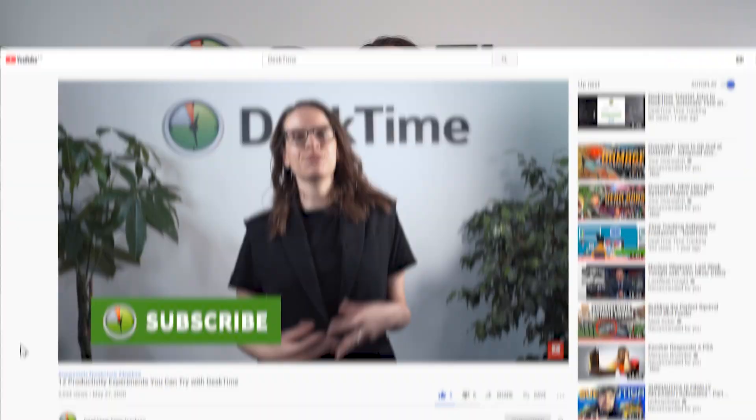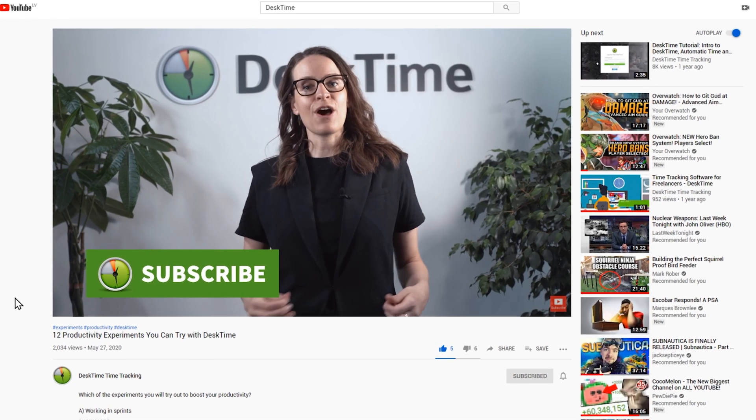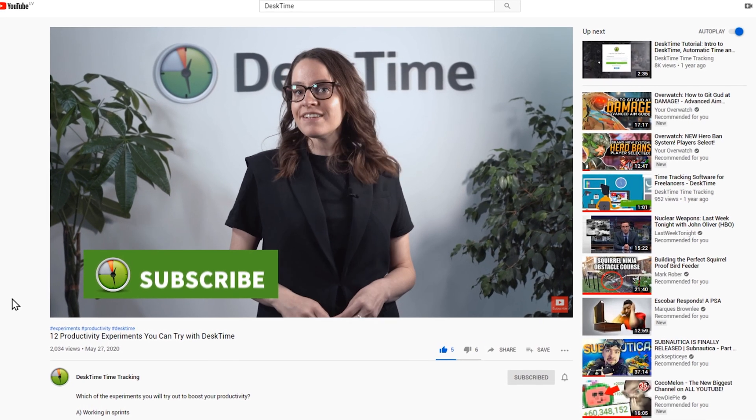Hi everyone! Welcome back! Last week we showed you 12 productivity experiments we've conducted, and today we'll show you how you can set up your own.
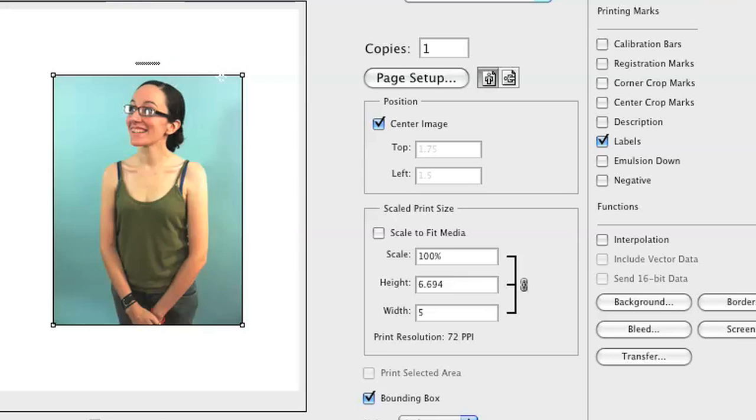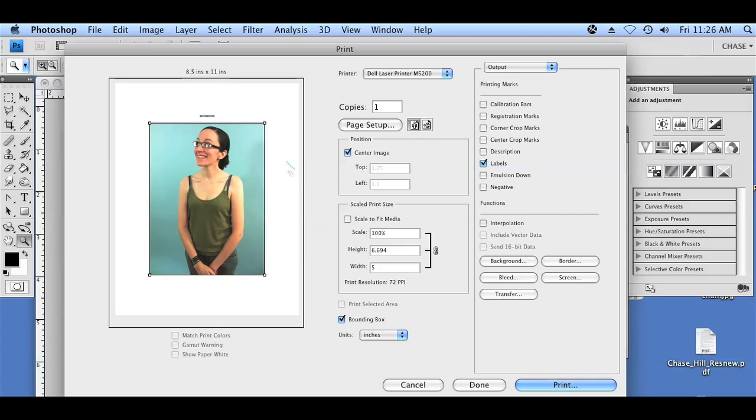However, if this was an eight and three quarters photo by a ten height photo, there's not going to be enough space for you to be able to put your file name, so it's not going to show up. So you always have to be aware of the document size and the paper size in which you're going to be printing it on.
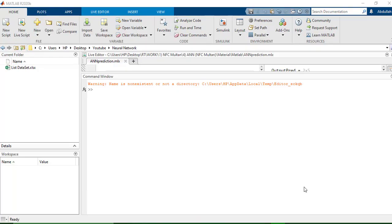Asalaamu alaikum. In this video we're going to learn how we can implement an artificial neural network to predict something in MATLAB using the neural network fitting tool in MATLAB. I'll start from the beginning.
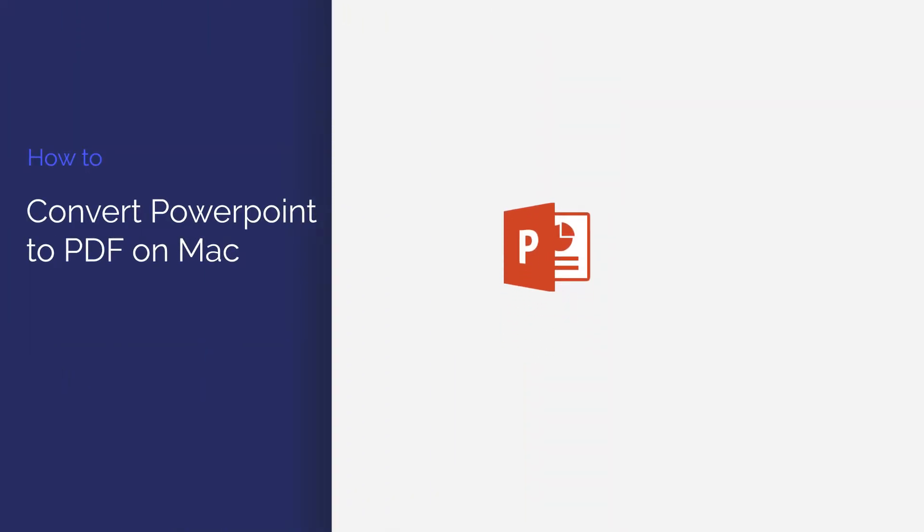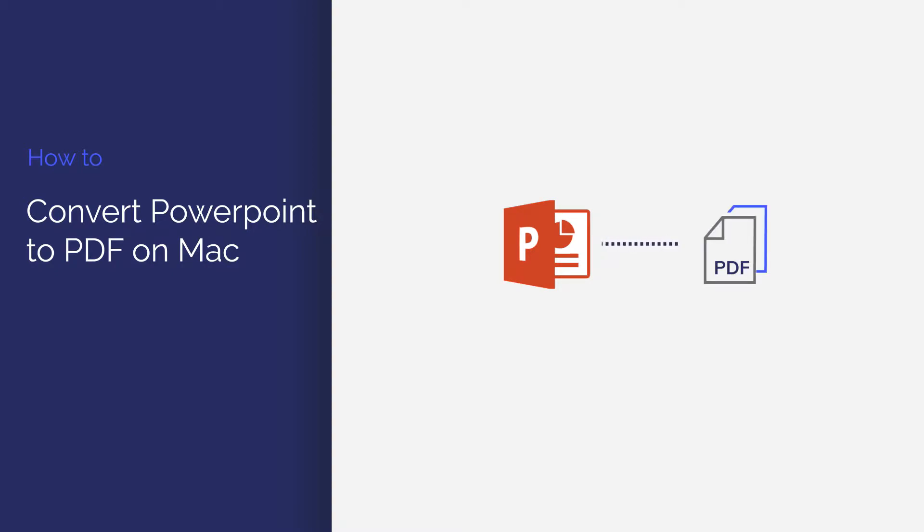In this video I'll demonstrate how to convert PowerPoint to PDF using PDF element for Mac in just a few clicks. Let's get started.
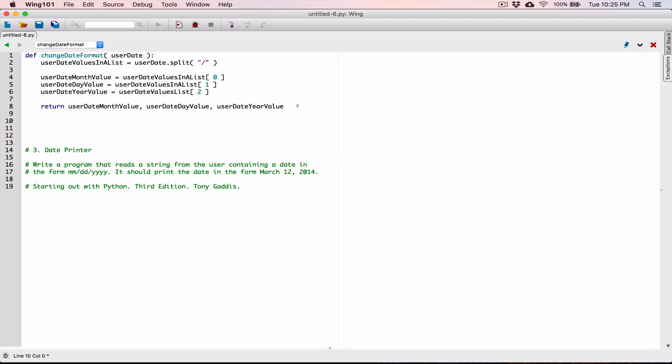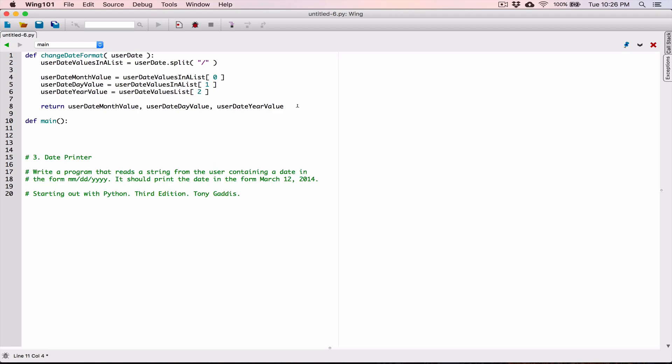So let's create our main function. In most programming languages, the main function is where you write your program — it's the function that calls every other function and is the starting point of your program. So it's good practice to always create the main function for our programs. I'm going to define a main function and it's not going to accept any arguments. First of all, I want to ask the user to type in their date. You could have created a function for it, but since it's going to be one line using the input function, I'm not going to — although you can.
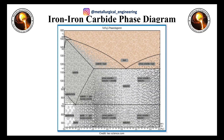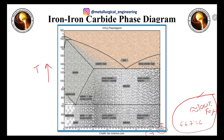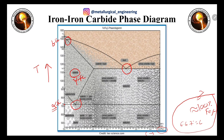This is the typical iron-iron carbide phase diagram. On the y-axis we have temperature, and on the x-axis we have carbon percentage. The maximum carbon percentage is 6.67%, which is equivalent to 100% Fe3C. In this phase diagram there are mainly three invariant reactions. The important phases include alpha phase (alpha iron), austenite (gamma iron), and delta iron.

----------------

What is being asked. Without including any picture, write out the material above exactly.

Exercise result.
Hi everyone! Welcome back! Last week we showed you 12 productivity experiments we've conducted, and today we'll show you how you can set up your own.
However, if this was an eight and three quarters photo by a ten height photo, there's not going to be enough space for you to be able to put your file name, so it's not going to show up. So you always have to be aware of the document size and the paper size in which you're going to be printing it on.
Asalaamu alaikum. In this video we're going to learn how we can implement an artificial neural network to predict something in MATLAB using the neural network fitting tool in MATLAB. I'll start from the beginning.
In this video I'll demonstrate how to convert PowerPoint to PDF using PDF element for Mac in just a few clicks. Let's get started.
So let's create our main function. In most programming languages, the main function is where you write your program — it's the function that calls every other function and is the starting point of your program. So it's good practice to always create the main function for our programs. I'm going to define a main function and it's not going to accept any arguments. First of all, I want to ask the user to type in their date. You could have created a function for it, but since it's going to be one line using the input function, I'm not going to — although you can.
This is the typical iron-iron carbide phase diagram. On the y-axis we have temperature, and on the x-axis we have carbon percentage. The maximum carbon percentage is 6.67%, which is equivalent to 100% Fe3C. In this phase diagram there are mainly three invariant reactions. The important phases include alpha phase (alpha iron), austenite (gamma iron), and delta iron.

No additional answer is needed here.